In Birmingham, TB controllers have opted instead to collect sputum samples. Over a recent nine-month period, working from cultures and smears from the samples, the process has netted seven cases — four of them smear-positive — out of 438 people screened. That represents only a portion of the city’s homeless population (which, according to 1995 estimates, numbers almost 2,700); but already, DNA fingerprinting suggests there may have been a decline in recent transmission, says Nancy Brook, disease intervention specialist and acting director of TB control for the state of Alabama.

One reason for the program’s apparent success may be indirect, she says: Having representatives from the health department show up on a regular basis at shelters probably has given TB controllers a heightened profile within the homeless community, and it may have encouraged many homeless people to seek care who might not otherwise have done so.

The Birmingham program depends partly on volunteer labor, which has been key to making it work, Brook says. Volunteers are recruited from the schools of medicine and of public health at the University of Alabama at Birmingham. Working alongside paid outreach workers from TB control, the volunteers visit four men’s night shelters in the city four times a year. Plans call for expanding the visits to include two women’s shelters, she says.

"Visiting four shelters four times each a year may not sound like a lot of work, but it is," she adds. Visits have to be scheduled late in the day, when outreach workers ordinarily would be ending a long day on the streets; and the worse the weather, the better the yield because homeless people are most likely to turn out in search of shelter when it’s wet and cold.

Why sputum and not skin testing

The decision to begin screening the city’s homeless population (and to use sputum collection as the means for doing it) was based on a number of factors, says Brook. "We had several cases [among homeless people]. When we tried to do contact investigation, we found it was almost impossible."
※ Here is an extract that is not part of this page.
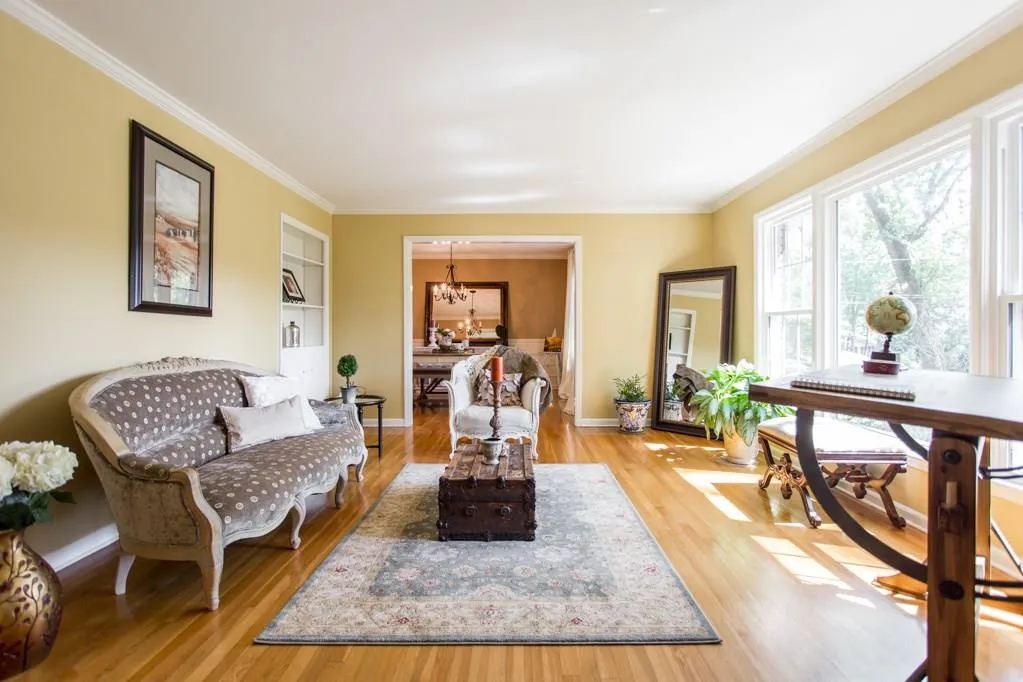 230 Abington Drive, Atlanta, Georgia 30328, 4 Bedrooms Bedrooms, ,3 BathroomsBathrooms,Residential,Sold,230 Abington Drive,5908493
Once the decision to begin targeted screening was made, there was the matter of how to go about it. Offering chest X-rays wasn’t feasible, not least because the county doesn’t own a portable X-ray machine. Skin testing didn’t seem to be a good choice, either. "We tried skin testing, but there was the problem of having to go back and read the tests," Brook says. "[Skin testing] takes a lot of time; plus, without documentation, what were we to do with people who’d test positive but who told us their skin test had looked the same way last time?"
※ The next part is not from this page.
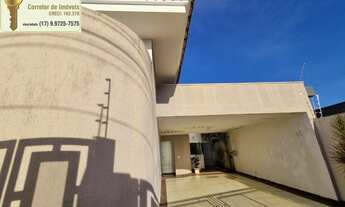 Imagem 3: Casa á venda com 3 dormitórios (1 suíte com closet), varanda com churrasqueira, 4 vagas no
Workers and volunteers began collecting sputum samples in 1996, with the program starting rather slowly due to personnel turnover and assorted funding problems.

Controllers rotate shelter visits

A citywide shelter policy prohibits guests from staying more than five days in a row at the same facility, so in theory, everyone should pass through each shelter sooner or later. But some people patronize one shelter exclusively, even if that means going without a bed some nights; plus, clients enrolled in substance abuse programs stay in the same place until they finish treatment. So TB controllers decided to visit at least four of the city’s six major shelters four times a year.

Outreach workers and volunteers work from 5:30 p.m. to 7 p.m., screening between 30 and 60 people. The procedure includes some history- taking — what shelters the men have stayed at recently, for how long, and how long they’ve been in the shelter system.

Once the survey is completed, shelter clients go back outside, usually to a station set up at the rear entrance of the shelter, for sputum collection. Hardly anyone has a problem producing a sample, Brook says. Turnaround time for lab results is quick, usually no more than two days. "It’s a time-consuming process," she says. "But we are getting yields, so it’s worth it."